Wayne’s perfect, grammar-free pitch caught the eye of this reporter: “My name is Wayne Brown and I’m in year 1 at Lefevre primary school I want to help my school raise money so we can build a new playground that I can play on because I’m going to be there for a long time and I want to play on the playground too and all my friends will have so much fun.”

So far, Wayne’s plea has raised $1,698 of the total $12,000 accumulated so far – the most raised by any student.

“I’m excited for him,” Lena-Pearl says, beaming at her son. She asks Wayne how he feels knowing that he’s the charity frontrunner.

“Excited,” he replies.

Wayne is excited for a new playspace, as the current one gives him splinters


Halfway through the interview, we’re joined by principal Bob Bowden. He says he has “no idea” how Wayne has raised the funds but he’s done “very well”.

Bob explains the money will go towards purchasing a netted playground. None of the existing playground equipment, such as the slides or swings, will have to be torn down.

While one might assume there would be a playground budget available to public schools in order to keep kids happy, Bob says Le Fevre Peninsula Primary needs its existing funding to repair or maintain other things, such as the ageing carpets he estimates are 30 years old.

These are not the things he would ask his students to raise funds for. A playground, on the other hand, is a much more engaging proposition.

“The playgrounds are a bonus because the kids can see something that they have done to put towards it, and they get something out of it,” Bob says.

“I don’t think fundraising should go to painting the classrooms or upgrading the rooms.

“We had this all painted over the Christmas holidays and new carpet stuff pulled through here, new furniture, because it was all pretty dilapidated.”

CityMag asks the Department for Education whether the responsibility of raising money for a new playground should fall on Year 1 students like Wayne.

A spokesperson responded saying schools are able to replace a playground through their internal financial management processes, “which can be supported by fundraising activities as well as drawing upon cash reserves”.

“This year, in addition to the RES (Resource Entitlement Statement) and capital works expenditure, the department released $37 million for high priority maintenance projects, of which Le Fevre Peninsula PS received $20,000,” the spokesperson said.

All government schools are designated into one of seven categories based on their level of educational disadvantage, with category one being the most socio-disadvantaged and category seven the least. Private schools are exempt from the list.

Le Fevre Peninsula Primary School moved up a level into category four in 2020, and the school received a total of $4,534,060.38 in funding to operate in 2021.

The reason Lena-Pearl enrolled Wayne into Le Fevre Peninsula Primary School was because of its high population of First Nations students.

“You want that community,” Lena-Pearl explains.

“You have that voice.
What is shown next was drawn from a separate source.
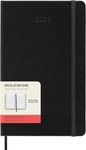 Moleskine Daily Planner, 12-Month Daily Agenda 2025, HardCover and Elastic Closure, Black Color, Large Format 13x21 cm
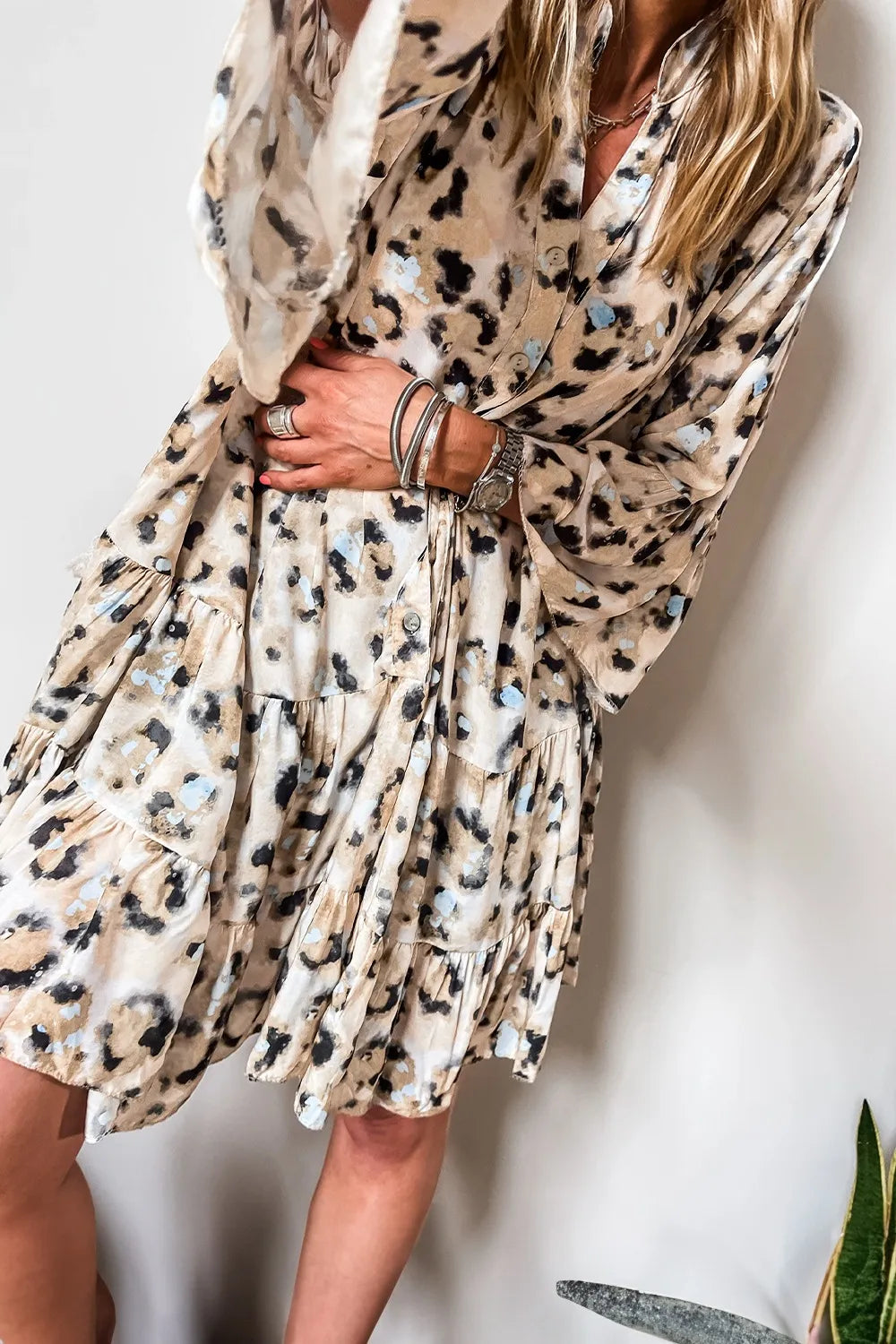 Leopard Print Buttoned Tiered Ruffle Dress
It’s uplifting. It’s encouraging. You want that connection to Country. It just helps strengthen the children; they feel like they’ve got that strong identity.”

Lena-Pearl is surprised that despite the school’s reputation and age – it’s been around for 165 years – students have to fundraise for their own facilities.

Out of 377 students, Bob says Le Fevre Peninsula Primary School has roughly 62 Aboriginal pupils. “It’s very diverse,” he says, adding the second-largest non-Anglo-Saxon culture represented at the school is African.

Out of the $4 million in funding the school was allocated to operate this year, some goes towards improving outcomes for students with additional languages or dialects ($86,174.79), as well as improved outcomes for Aboriginal students ($205,952.28).

To compare, Adelaide Botanic High School, a category seven school,  received $9,202,050.56 funding from the State Government, with 535 students enrolled this term.

Wayne, not waiting for any funding, has led the charge on his own.

As a young leader himself, we ask if there’s anyone he looks up to who he wants to emulate. The answer comes readily: Batman.

“Because he has a Batmobile and has lots of money,” he says.